The atmosphere changes at the back of the bus after night-fall. It takes on a darker, more threatening feel. We tried to sleep and keep a low profile. There was a brooding feeling around us – a subdued, unarticulated violence. A girl – I suppose you’d call her “white trash” – was bent on giving it a voice. She could be heard reeling off prison stories, like war stories of old soldiers, as credentials with which to ingratiate herself. They teased her and ribbed her, but she kept coming back, using her sex to up the ante. I wondered how many knives and guns were stashed around us. Maybe I was paranoid. I wouldn’t be surprised – I wasn’t at my most mentally robust having just gone through two months of watching my dad die. I was verging on exhaustion by this point and my emotions were all over the place. All the same, even if nothing kicked off, I didn’t want to get dragged into any conversation that might raise the profile of two naïve English trippers a long way from home.
There were times when the good ole boy seemed to be pushing his luck and others when he single-handedly lightened the mood. He didn’t seem to care either way. He was one of many taking an epic bus journey that wasn’t for fun.

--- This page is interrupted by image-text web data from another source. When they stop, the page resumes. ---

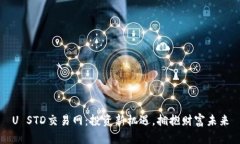 U STD交易网：投资新机遇，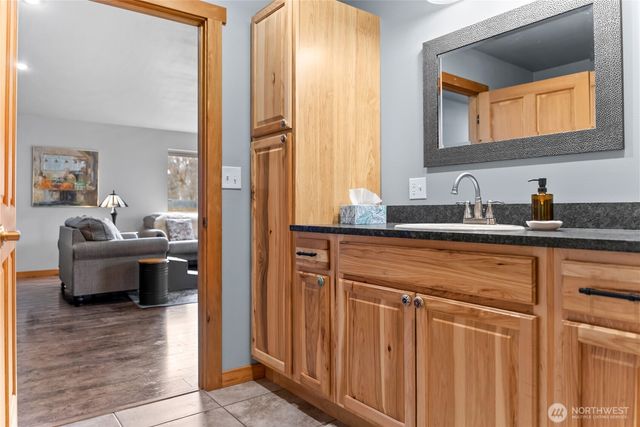 805 Marble Street, Twisp, WA 98856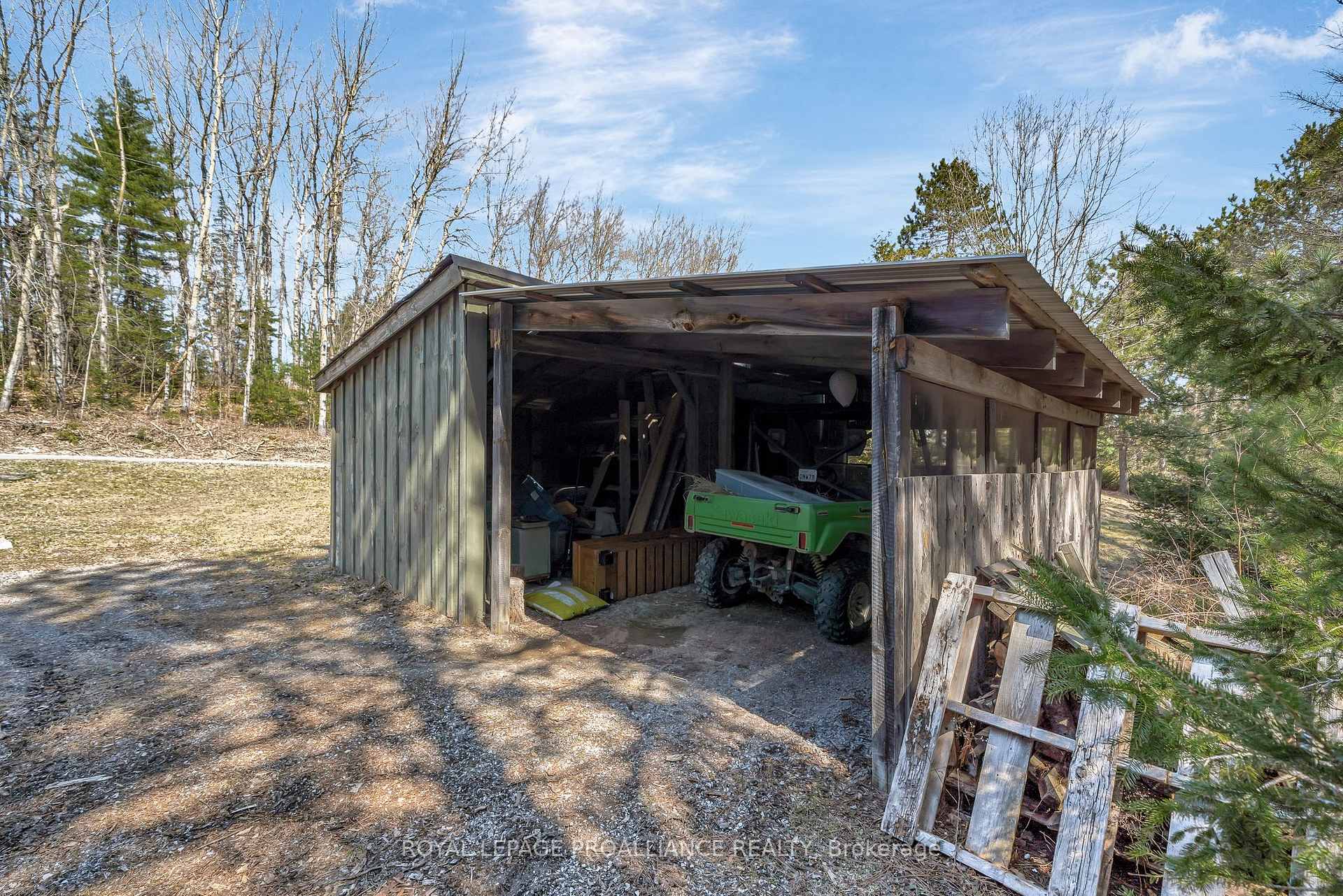 Photo 49 of 1076 Upper Flinton Road, Tweed, Elzevir (Twp) — HOMEH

He was heading up to the north-west and the promise of a job.
At half-past midnight we rolled into a deserted Roanoke bus terminal. Roanoke sells itself as the gateway to the Blue Ridge Mountains – major hang-out of RV drivers and their families. Right now, it wasn’t selling itself at all. About six of us came off at Roanoke into pouring rain. There were no cabs outside and we had no idea how to get to the motel, but we knew it was a good distance from the bus station. As people dispersed, we were left standing with one other person. He was a local. Natasha asked him if there were any cab companies – I was beyond even talking to myself. Generously, he called us a cab on his mobile and the two of them chatted for a while. I felt embarrassed by my mood, but I wasn’t going to start making conversation. After a while his cab came and I managed a strained thank you as we said goodbye. We waited another quarter of an hour in the rain. We were cold and tired.
Eventually, an MPV swung alongside us. A big man with long silver hair opened up the trunk and swung our cases as we climbed into the back seat. We gave him the name of the motel. Turned out there are two. After some shuffling through papers, he got the right one, shoved the cab into Drive and we were moving. “Where you from?” he asked. “England.” we replied. “England? What the fuck you doing here?” We told him about our trip and how we were en route to Nashville and read that Roanoke might be a good little overnight stop. I didn’t mention about the banjos. “Let me tell ya, this place is a shit-hole. All anyone wants to do is get the hell out. Now, when I drop you – right over here – you go straight in the motel and don’t come out until tomorrow, then get yourselves right back on that bus. Truckers hang out in the motel car park, right there. All kinds-a shit happens.” He pulled up outside the entrance, where we paid him, grabbed our cases and watched him drive away.
The motel was a low-rise, looking well past its best and reminding me of a Raymond Carver short story. A scattering of people hung around the reception-bar area. They looked like commercial travellers and a family group. We showed our booking receipt and passports and were given a key and breakfast menu. We walked along the edge of the car park to an outside chalet-style room of the type synonymous with low-budget murder films. We unlocked the door and let ourselves in. It was no better inside. A huge air-con / heater unit stuck out of the wall below the window. We didn’t look too hard at the bedding, opening our cases just enough to reach night-clothes, then wandered into the bathroom like rain-sodden zombies. I don’t recall that we said much to each other before falling into deep and grateful sleep. Tomorrow would be another day, another bus.